哪个男人宿醉之后的第二天清晨一大早醒来,看见另一个男人赤着身体躺在自己旁边,两个人还挤在同一条被窝里,都没那个空去优雅。
魏无羡[裸着膀子,单手托腮,笑得诡异]
蓝忘机你……
魏无羡嗯?
蓝忘机昨晚我……
魏无羡[冲他眨了一下左眼]昨晚你好奔放呀,含光君
蓝忘机……
魏无羡昨晚的事,你什么都不记得了吗?
看样子是真不记得了,蓝忘机脸都白了。
不记得就好!否则,蓝忘机要是还记得他半夜悄悄出去召了温宁,追问起来,魏无羡说谎也不妙,说实话也不妙。调戏不成、抱起石头砸自己脚这么多次,魏无羡总算是有一回又找到了以前威风凛凛的感觉,扳回了一点点。虽然很想乘胜追击,继续逗他,但昨晚最关键的几句话还没问出来,下次还要骗他喝酒继续套话,可不能让蓝忘机知道自己出了什么丑。
见好就收,魏无羡掀开被子,给他看自己整整齐齐的裤子和还没脱下来的靴子
魏无羡好个贞烈男子!含光君,我只不过脱了件衣服,开玩笑的。你清白之身尚在,没有被玷污,请放心!
这时,蓝沫一把推开门
蓝惜月(蓝沫)哎!该走……了
蓝沫愣了愣
蓝惜月(蓝沫)[惊]对……对不……起……你们……继……继续
自蓝沫进来,蓝忘机就僵在原地,尚未答话,房间中央,传来瓷器碎裂的声音。
这声音并不陌生,已经是第二次听到了。又是被压在桌上的封恶乾坤袋躁动起来,掀翻了茶壶茶盏,这次更凶猛,三只一起动。
昨夜他们一个醉得一塌糊涂,另一个被折腾得一塌糊涂,自然,又把合奏抛到脑后去了。
魏无羡正有点担心蓝忘机惊吓过度一时冲动,失手把他当场刺死在床上
魏无羡正事,来来,我们先干正事!
他抓了件衣服披上,滚下床,朝蓝忘机伸出手,那样子看着就像要去撕他的衣服。
蓝忘机还没缓过劲儿来,倒退了一步,被脚底下什么东西绊了一下,低头一看,原来是躺了一晚上的避尘剑。
小小一间房里,一片兵荒马乱人仰马翻。
魏无羡把手伸进蓝忘机怀里掏了掏,掏出一只笛子
魏无羡含光君,你不要害怕嘛。我不是要把你怎么样,只是你昨晚抢走了我的笛子,我得拿回来
蓝忘机[神色复杂]
蓝忘机看了看他,似乎很想追问,昨晚自己醉酒后的细节,但他习惯先做正事,强行忍住,收敛神色,先与他合奏了一曲《安息》。

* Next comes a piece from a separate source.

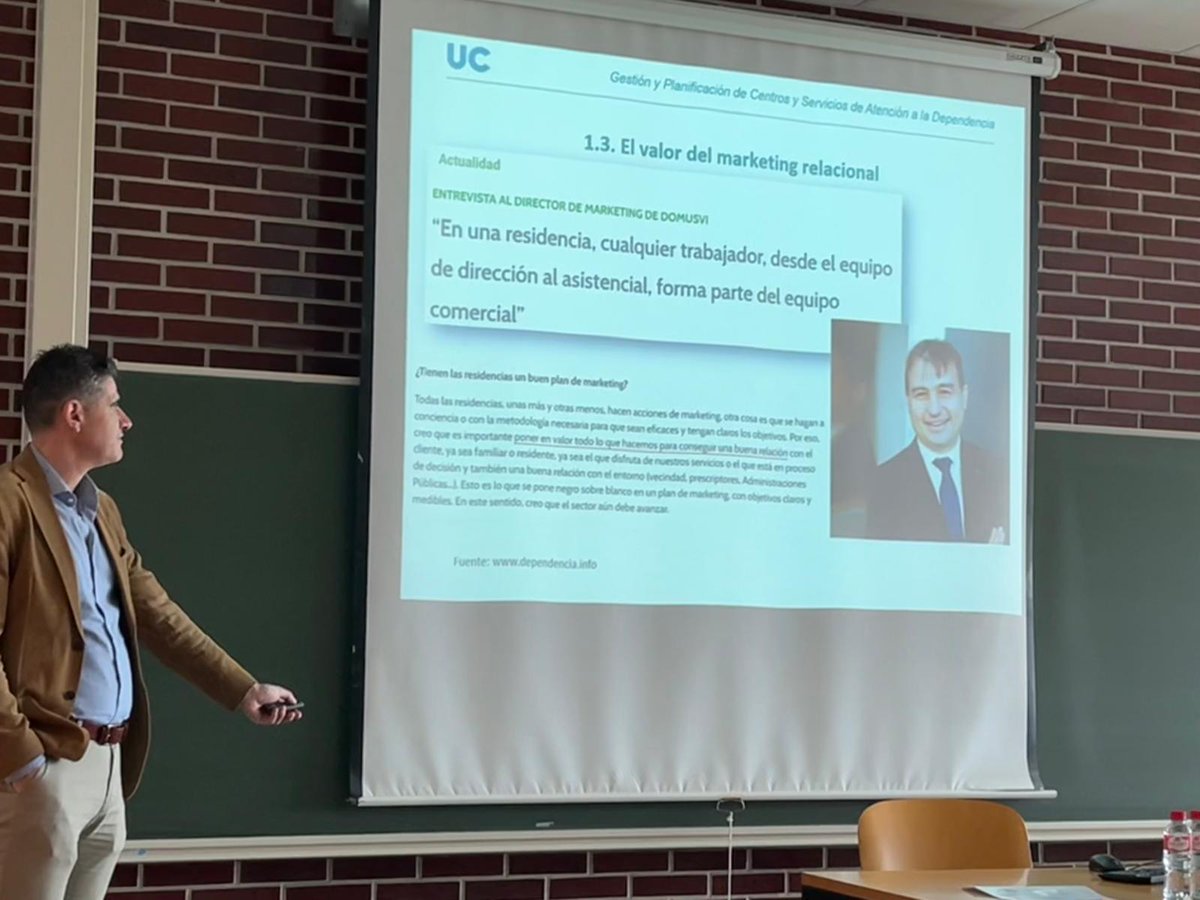 made_uc's tweet photo. 🎓 Hoy en MADE contamos con la participación de Jesús Collado, Decano de la @feconomicasuc, y Belén Díaz, profesora titular de la misma facultad, para dar inicio al Módulo 6: Gestión Económica y Financiera de los Cuidados.
¡Gracias por compartir vuestro conocimiento! 💡 https://t.co/55RRRODqhy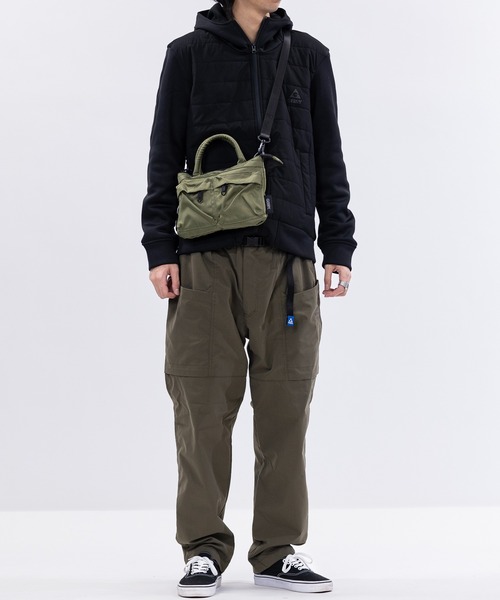 GERRY（ジェリー）の「【Y】〔GERRY/ジェリー〕ダブルポケット ヘルメットバッグ（ショルダーバッグ・メンズ・ダークグリーン/ブラック・FREE）」の9枚目の写真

三只封恶乾坤袋,一只封着左手臂,一只封着双腿,一只封着躯干。这三部分的肢体已经可以连到一起,组成一具身体的大半部分。
它们相互影响,怨气成倍增长,这次居然一连重复了三次《安息》才见效。
待三只封恶乾坤袋都渐渐平静下来之后,魏无羡解开其中两只,从一只里抖落一条手臂,另一只里抖落一副躯干。这次,左手指向的方向是南方,偏西。指引的对象,不是右手,就是头颅了。
魏无羡穿好了衣服又是一派人模狗样。谈起正事来一本正经,或说是故作正经
魏无羡希望下一步找到的是头颅。这样你们家画个像,或者发个帖让大大小小世家都去看,很快就能弄清好兄弟的身份
可他这人正经也维持不过几句话
魏无羡[转眼又笑嘻嘻]话说回来,好兄弟练得不错啊
那副躯干套着的寿衣衣带已散,领口斜扯,这是一个青年男子坚实而有力的躯体。
魏无羡此言甚为实在。蓝忘机立刻把它又收回了封恶乾坤袋中,打了三个死结。
魏无羡知道他听不得这样的轻佻言语。但跟从前一样,越是听不得,他越是想说。打完结、收好乾坤袋后,蓝忘机看着他,虽仍是面无表情,眼里却满满的欲言又止。
魏无羡含光君,你做什么这样看着我?你还担心?信我啊。昨晚我真的没有把你怎么样,当然,你也没有把我怎么样
蓝忘机……昨夜,除了抢笛子,我……
魏无羡你?你还干什么对吧?也没干什么,就是说了很多话
蓝忘机……什么话
魏无羡也不是什么要紧的话。就是,嗯,比如,你很喜欢……
话没说完,魏无羡看了看蓝忘机,见他神色紧张,很是得意
魏无羡兔子,之类的
蓝忘机……[闭上眼睛,转过了头。]
走出房去,关上门,他站在走廊里,好一阵无声的捧腹
蓝忘机似乎被打击到了,一个人关在房间里,好长一段时间也没出来
在等他的过程中,魏无羡悠悠然下了楼,出了客栈,坐在台阶上,眯眼晒晒太阳。晒了一阵,一群十三、四岁的小孩子从街上跑过。
最前面的一名小童跑得飞快,手里拽着一条长线,长线的尽头,一只风筝不高不低、上上下下地飞着
后面的小童拿着小弓小箭,一边吆喝,一边追赶着那只风筝射
这个游戏,魏无羡从前也很爱玩儿。射箭是每个世家子弟的必修之艺,但他们大多不喜欢规规矩矩地射靶,除了出去夜猎时射妖魔鬼怪,就喜欢这样射风筝。每人一只,谁放得最高、最远,同时射得最准,谁就是赢家。这个游戏本来流行于仙门各家族年纪尚小的子弟之间,流传出去后普通人家的孩子也很喜欢,只是他们一支小箭射出去的杀伤力,却不比这些技精材优的世家子弟了。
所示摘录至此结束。